## SUPPLIED DATA
- Opening Delimiter -

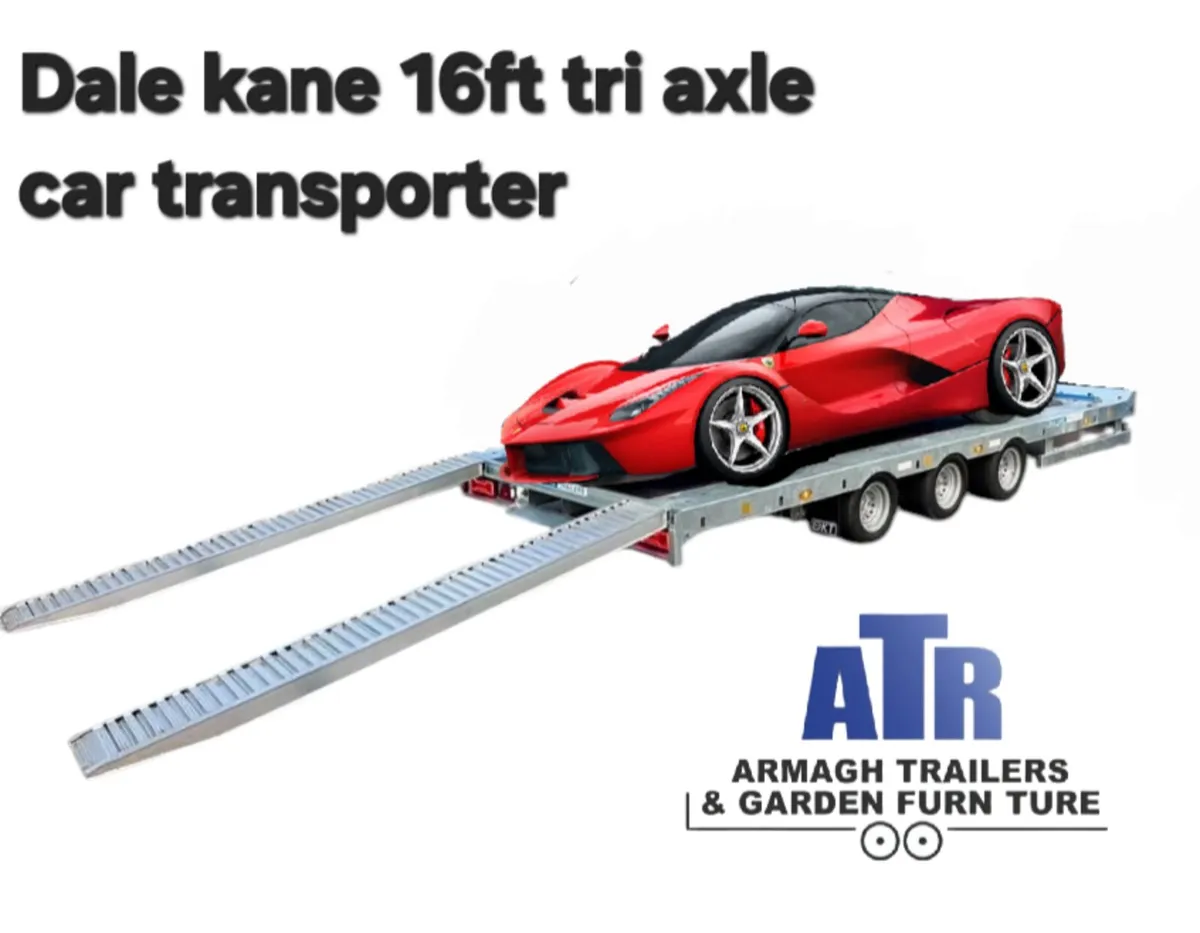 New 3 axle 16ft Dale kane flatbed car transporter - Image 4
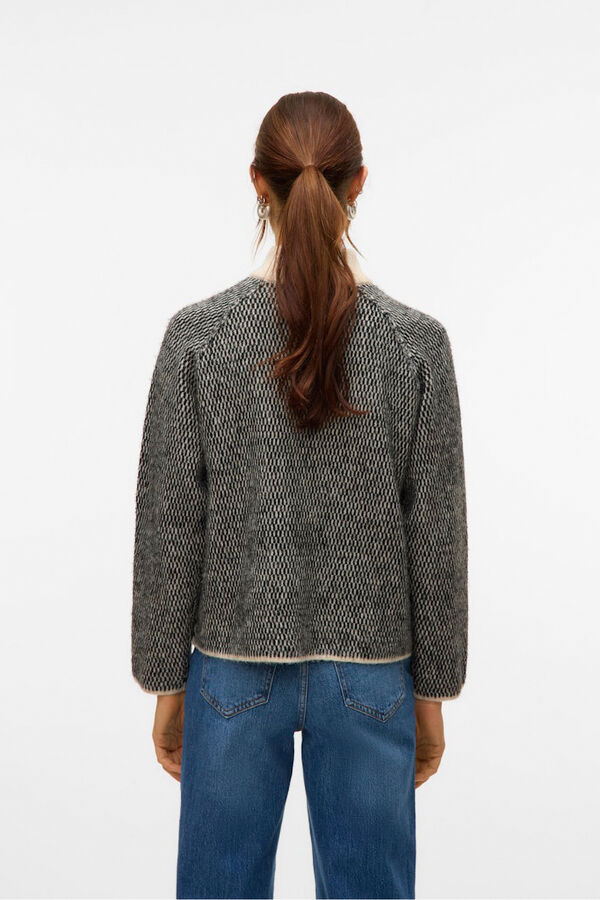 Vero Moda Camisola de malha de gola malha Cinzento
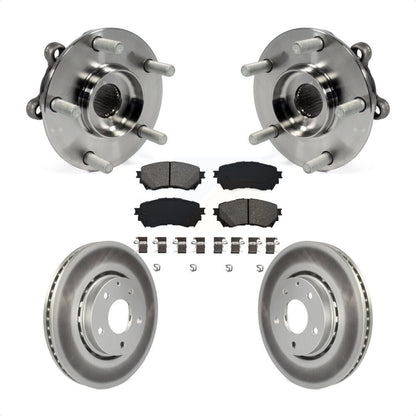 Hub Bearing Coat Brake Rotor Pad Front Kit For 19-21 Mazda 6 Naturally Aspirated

- Closing Delimiter -

## WORK ORDER
Drop the pictures and reproduce the rest of the data exactly.

## ANSWER TO THIS EXERCISE
 New 3 axle 16ft Dale kane flatbed car transporter - Image 4
 Vero Moda Camisola de malha de gola malha Cinzento
 Hub Bearing Coat Brake Rotor Pad Front Kit For 19-21 Mazda 6 Naturally Aspirated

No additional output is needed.